ONE Worcestershire MP is prepared to give a proposed pay rise to charity – admitting that none of them can justify an 11 per cent increase.

Harriett Baldwin has revealed she is not willing to accept a rise of £7,600 as residents are suffering pay freezes, or small increases of one or two per cent.

The Conservative, who represents West Worcestershire, said the only way a rise could be justified would be by cutting 50 MPs, so the 600 who remained got heavier workloads.

Amid mounting anger over the expected pay rise, she also believes the body which is calling for it should be scrapped.

A report is due out on Thursday from the Independent Parliamentary Standards Authority (IPSA), suggesting the 11 per cent rise should take force from 2015, taking MPs’ pay to £74,000.

The authority wants to make up for it by cutting pensions and other perks, saying wages in parliament have been frozen for too long.

But Mrs Baldwin said she would give away her rise.

“If IPSA succeed in pushing through this measure and I am re-elected in 2015, I look forward to supporting local charities even more than I already do,” she said.

“I wrote into the consultation and said that given the fact that public sector pay is being restrained in the way that it is, we should only have the same sort of increases as average public sector [workers] are having.”

She also said old Conservative plans to cut the size of parliament from 650 MPs to 600, which fell apart after a lack of Liberal Democrat support, should have been accepted.

She said the independent body, set up in 2009 after the expenses scandal, now costs £6 million per year when it could be done by a private company “for a fraction of the cost”. Downing Street has tried to kick the issue into the long grass by saying it will be reviewed in 2015.

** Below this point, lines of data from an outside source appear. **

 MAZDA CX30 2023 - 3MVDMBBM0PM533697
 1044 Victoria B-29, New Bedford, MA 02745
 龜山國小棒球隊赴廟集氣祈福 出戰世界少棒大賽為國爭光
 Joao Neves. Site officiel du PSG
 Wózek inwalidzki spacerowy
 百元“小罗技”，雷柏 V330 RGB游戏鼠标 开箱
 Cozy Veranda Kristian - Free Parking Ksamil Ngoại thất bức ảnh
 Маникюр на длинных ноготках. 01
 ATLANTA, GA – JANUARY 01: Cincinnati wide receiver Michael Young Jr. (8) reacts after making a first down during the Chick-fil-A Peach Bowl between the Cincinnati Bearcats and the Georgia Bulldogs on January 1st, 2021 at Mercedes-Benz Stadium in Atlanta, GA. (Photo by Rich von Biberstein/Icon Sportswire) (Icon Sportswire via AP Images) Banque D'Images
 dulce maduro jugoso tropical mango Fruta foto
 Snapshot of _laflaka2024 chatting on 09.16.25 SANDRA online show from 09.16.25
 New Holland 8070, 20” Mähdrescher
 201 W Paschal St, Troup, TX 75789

Meanwhile, other MPs in the county have refused to make the same offer, saying that it is right any decisions over pay are made independently.

Worcester MP Robin Walker said: “It shoudn’t be our decision. Rhe whole point of this was to take it out of our hands.

“I have done no lobbying, either for or against a pay rise. “The question [if he would he give it to charity] is purely hypothetical and I won’t get into that.”

Wyre Forest MP, Mark Garnier, said: “IPSA has to decide what MPs get and we can’t interfere – if it’s going to work, it must work in both directions.

“We can’t have cabinet members or party leaders saying to us ‘I’ll give it back because I’m richer than you’ and taking the moral highground.”

MPs currently receive a yearly salary of £66,396.

Peter Luff, who represents Mid-Worcestershire, said he would make no comment, because he is retiring in 2015.

In an anonymous survey conducted earlier this year, MPs suggested that they should be paid an average of £86,250, with one-fifth of those questioned saying they should get £95,000 or more.